Sun Microsystems, Inc.  Oracle System Handbook - ISO 7.0 May 2018 Internal/Partner Edition
   Home | Current Systems | Former STK Products | EOL Systems | Components | General Info | Search | Feedback

Asset ID: 1-72-2202721.1
Update Date:2018-03-06
Keywords:

Solution Type  Problem Resolution Sure

Solution  2202721.1 :   Infiniband Switch Stays In Pre-boot Environment During Upgrade/Reboot  


Related Items
  • Oracle Exalogic Elastic Cloud Software
  •  
  • Exadata Database Machine X2-2 Hardware
  •  
Related Categories
  • PLA-Support>Eng Systems>Exalogic/OVCA>Oracle Exalogic>MW: Exalogic Core
  •  




In this Document
Symptoms
Changes
Cause
Solution
References


Created from <SR 3-13529722291>

Applies to:

Oracle Exalogic Elastic Cloud Software - Version 2.0.6.2.161018 and later
Exadata Database Machine X2-2 Hardware - Version All Versions and later
Oracle Solaris on x86-64 (64-bit)
Linux x86-64
Oracle Virtual Server x86-64

Symptoms

When upgrading gateway switch, it boots in pre-boot environment everytime.

Even power-cycling many times we see the same behavior 'boot' command was also run from pre-boot environment but we see same issue.

Following is the snippet showing IB Switch bootup stuck in pre-boot phase. 

$ ssh root@172.25.xxx.xx

Sun Data center switch pre-boot environment.

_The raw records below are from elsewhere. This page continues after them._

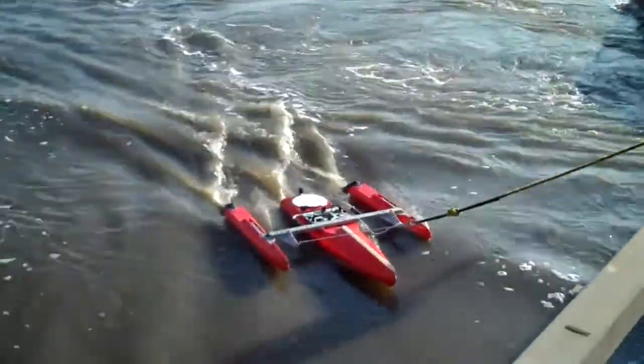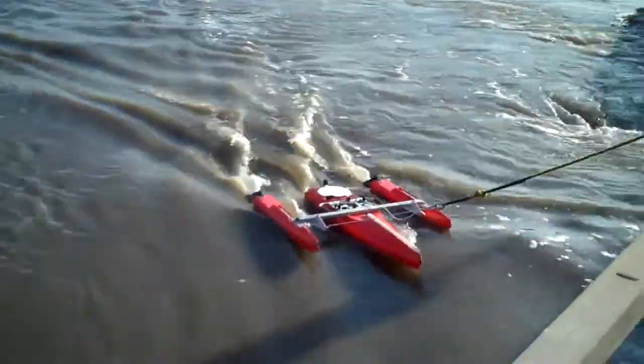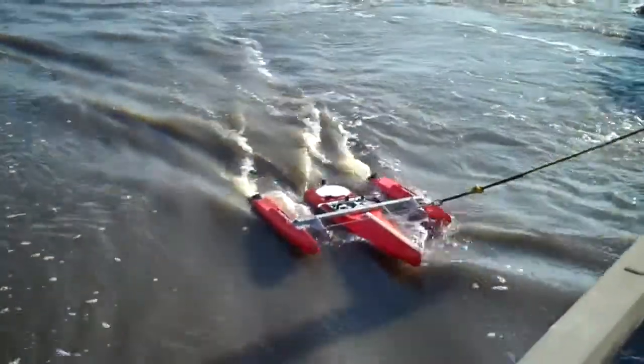This is the High Speed Tethered Boat from Ocean Science. It belongs to the Office of Surface Water. This is the Lower Rush River near Prosper, North Dakota. April 8, 2011.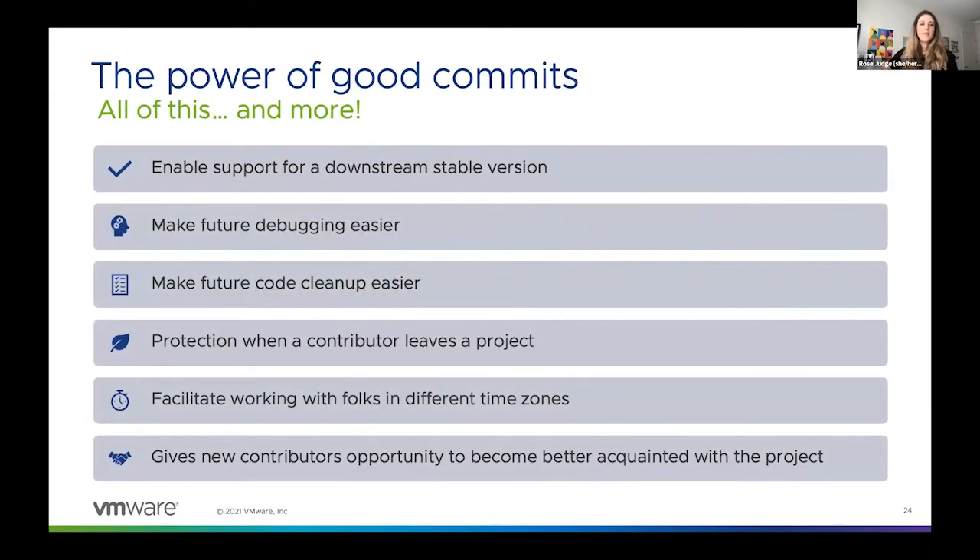Good commits enable support for a downstream stable version of the project. The kernel is a really good example of this. Let's say you have a stable branch that only pulls in certain features from a development branch. If you break up your commits so they're each only doing one thing, it makes the downstream stable version of the project possible — it makes it possible to only pull in certain features without having to pull in a bunch of unnecessary code that needs to be tested and maintained. This is what would happen if you submitted giant hunks of change: you'd have no choice but to pull in the whole thing, even if you wanted just one little feature.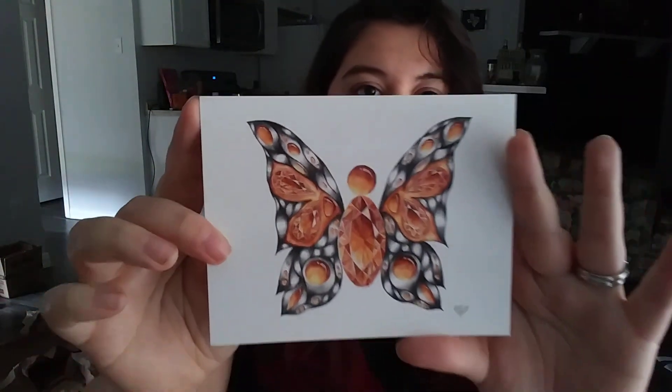Also on Patreon I do monthly postcards — this was January's. If you follow me on Facebook you can see all the stuff I do on there. My Facebook link is below for my Vitruvian Art page, and I'm always on there posting something.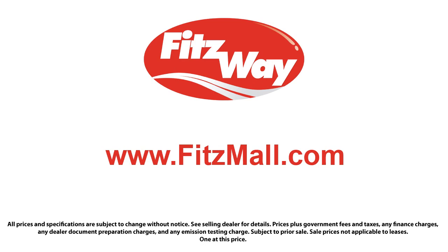Fitzgerald Auto Malls is the first and only auto dealer group in North America to have achieved the ISO certification. So you can buy with confidence knowing that you're in the best possible hands.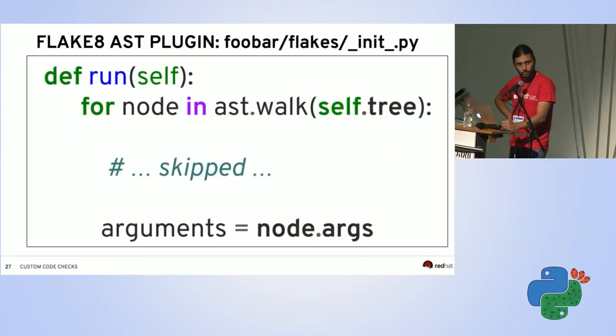The actual check code goes inside the run method. The only difference from our standalone script is that instead of opening files ourselves, we use self.tree — flake8 ensures it is the AST of the current file. Then we use node.args to work with the arguments object of each function definition.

root@172.25.xxx.xx's password:

Sun Data center switch pre-boot environment.

======================================================================
= =
= WARNING: This is pre-boot environment used for system maintenance. =
= Application image is not active!!! =
= =
======================================================================

Do you wish to remain in pre-boot environment?
If you do, please answer 'y' (timeout 10 seconds) [N/y]:N

Trying to start application image ...
init> Connection to 172.25.xxx.xx closed by remote host.
Connection to 172.25.xxx.xx closed.

[wtorres@sopsun ~]$ ssh root@172.25.xxx.xx

Sun Data center switch pre-boot environment.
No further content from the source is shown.